What needs to be done: Your copy of the listing must be exact and must hold no images.

Information shown:
########
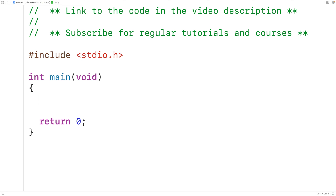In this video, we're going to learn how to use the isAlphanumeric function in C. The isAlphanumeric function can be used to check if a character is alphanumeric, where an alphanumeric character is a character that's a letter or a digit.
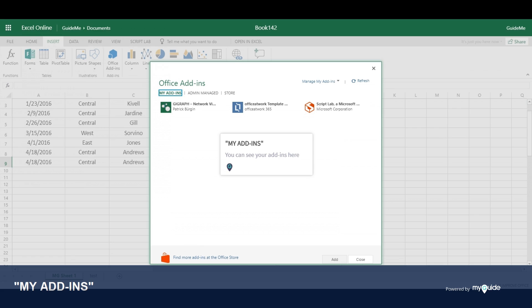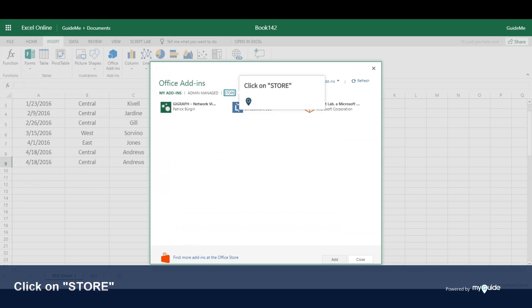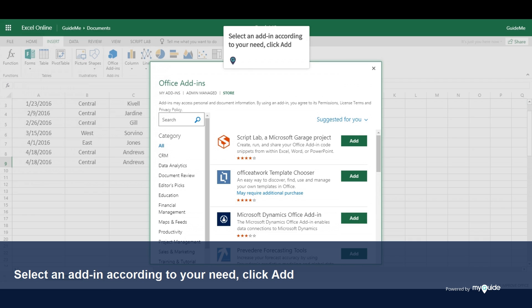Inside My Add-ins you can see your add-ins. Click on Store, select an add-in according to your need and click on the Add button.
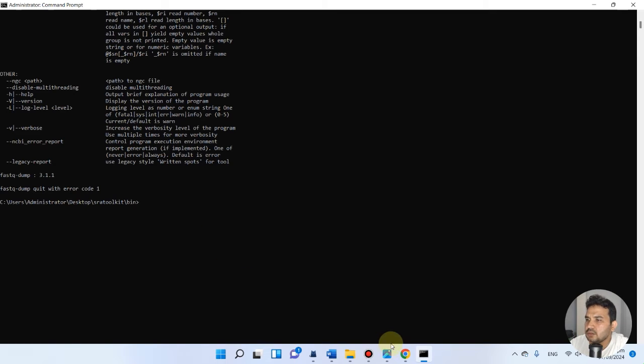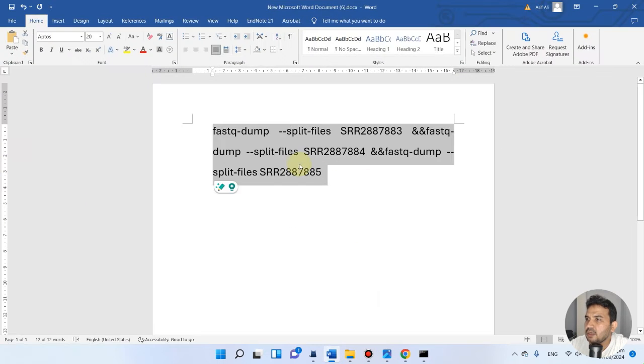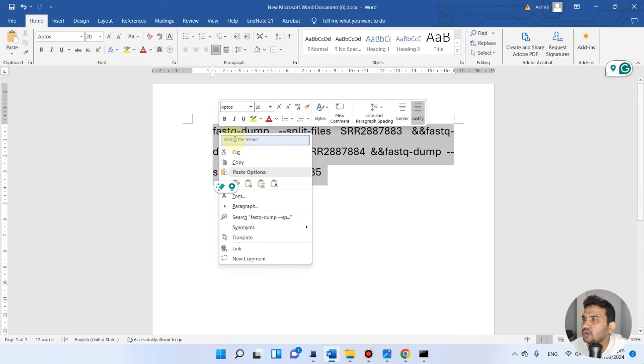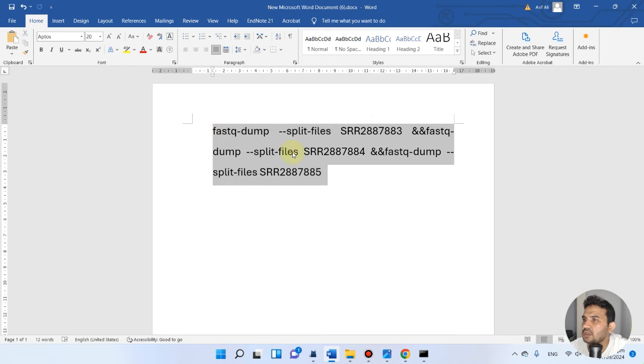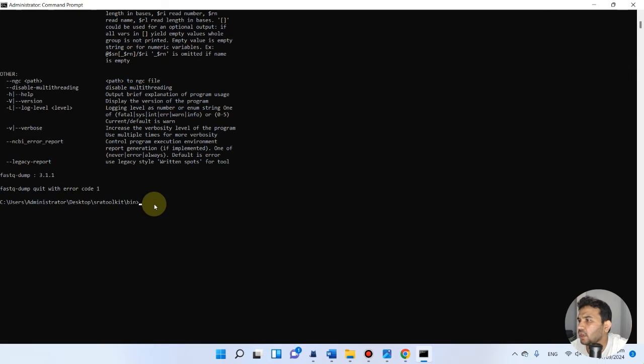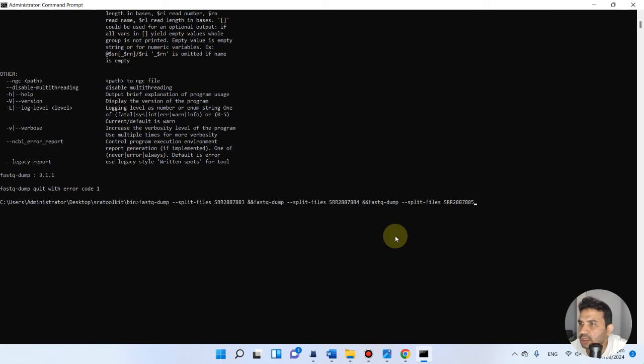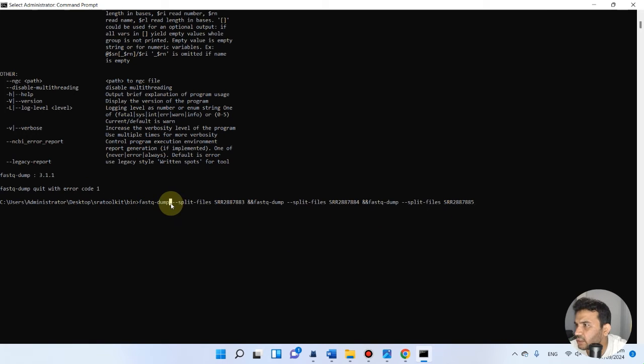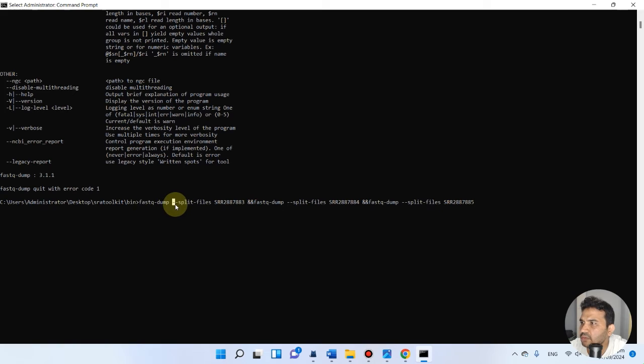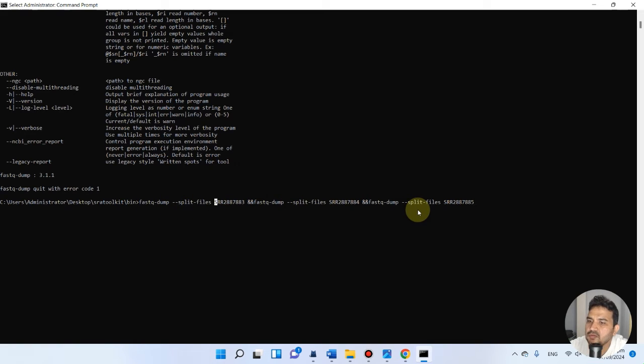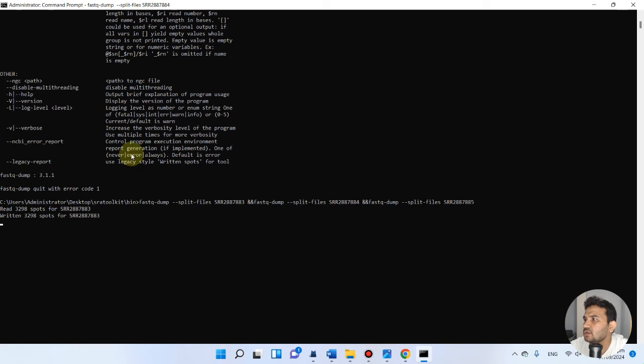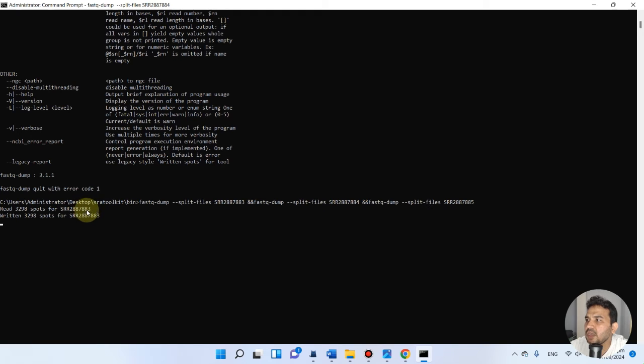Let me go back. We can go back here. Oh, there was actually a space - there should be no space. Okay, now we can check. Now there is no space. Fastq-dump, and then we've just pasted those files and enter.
########
Result of the task:
In this video, we're going to learn how to use the isAlphanumeric function in C. The isAlphanumeric function can be used to check if a character is alphanumeric, where an alphanumeric character is a character that's a letter or a digit.
Inside My Add-ins you can see your add-ins. Click on Store, select an add-in according to your need and click on the Add button.
Let me go back. We can go back here. Oh, there was actually a space - there should be no space. Okay, now we can check. Now there is no space. Fastq-dump, and then we've just pasted those files and enter.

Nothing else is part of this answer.